▸ **WHAT TO PRODUCE**:
Each record must come back unchanged in your answer, stripped of its images.

------------------------------

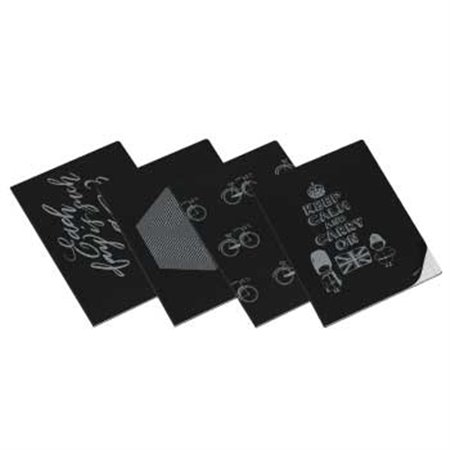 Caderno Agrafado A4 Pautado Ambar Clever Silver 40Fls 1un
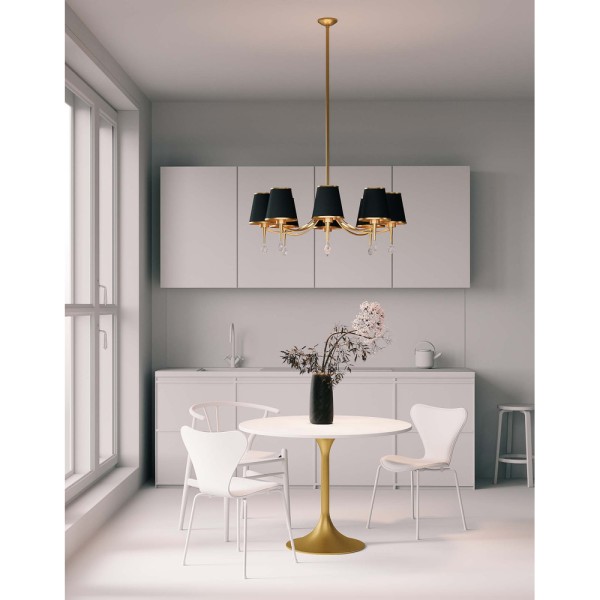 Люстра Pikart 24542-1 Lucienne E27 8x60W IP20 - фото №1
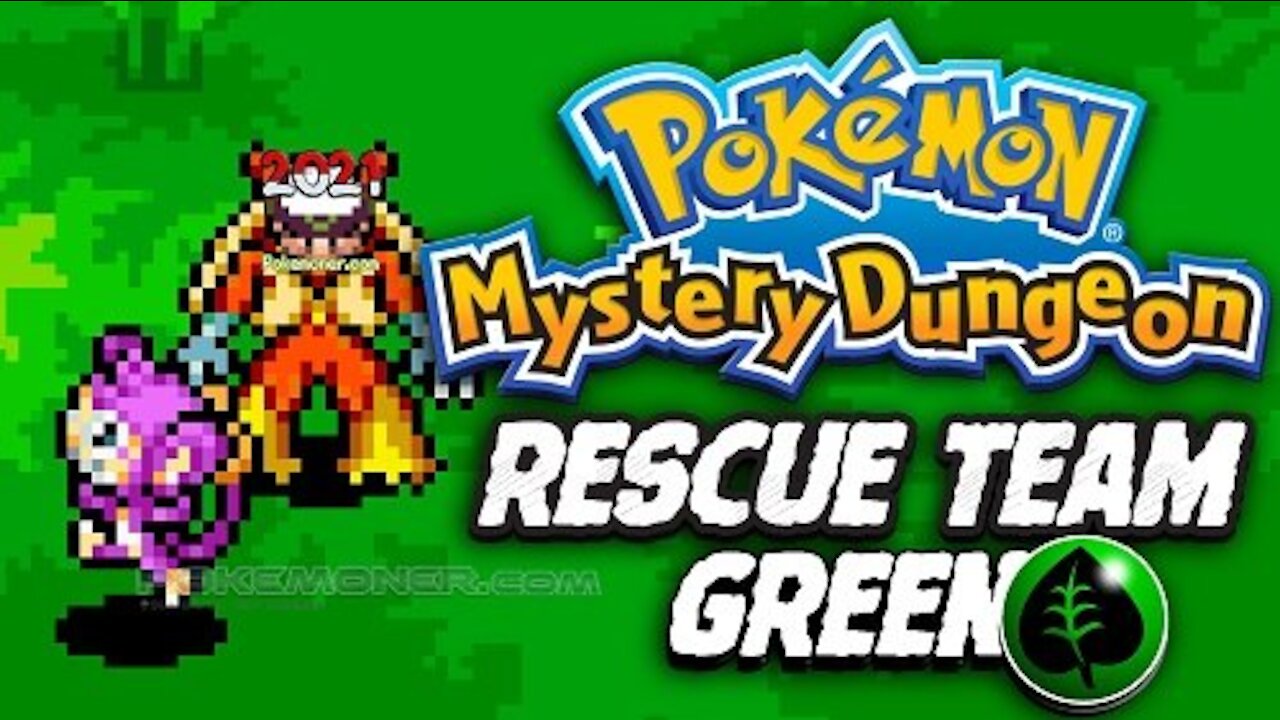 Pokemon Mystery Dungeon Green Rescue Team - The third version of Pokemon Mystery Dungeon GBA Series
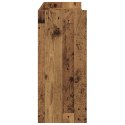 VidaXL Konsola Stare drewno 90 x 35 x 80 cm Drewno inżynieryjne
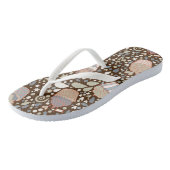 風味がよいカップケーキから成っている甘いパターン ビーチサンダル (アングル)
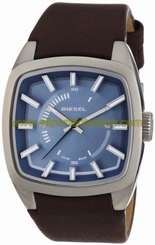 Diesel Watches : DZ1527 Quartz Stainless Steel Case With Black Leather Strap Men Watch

------------------------------

▸ **WRITTEN SOLUTION**:
 Caderno Agrafado A4 Pautado Ambar Clever Silver 40Fls 1un
 Люстра Pikart 24542-1 Lucienne E27 8x60W IP20 - фото №1
 Pokemon Mystery Dungeon Green Rescue Team - The third version of Pokemon Mystery Dungeon GBA Series
 VidaXL Konsola Stare drewno 90 x 35 x 80 cm Drewno inżynieryjne
 風味がよいカップケーキから成っている甘いパターン ビーチサンダル (アングル)
 Diesel Watches : DZ1527 Quartz Stainless Steel Case With Black Leather Strap Men Watch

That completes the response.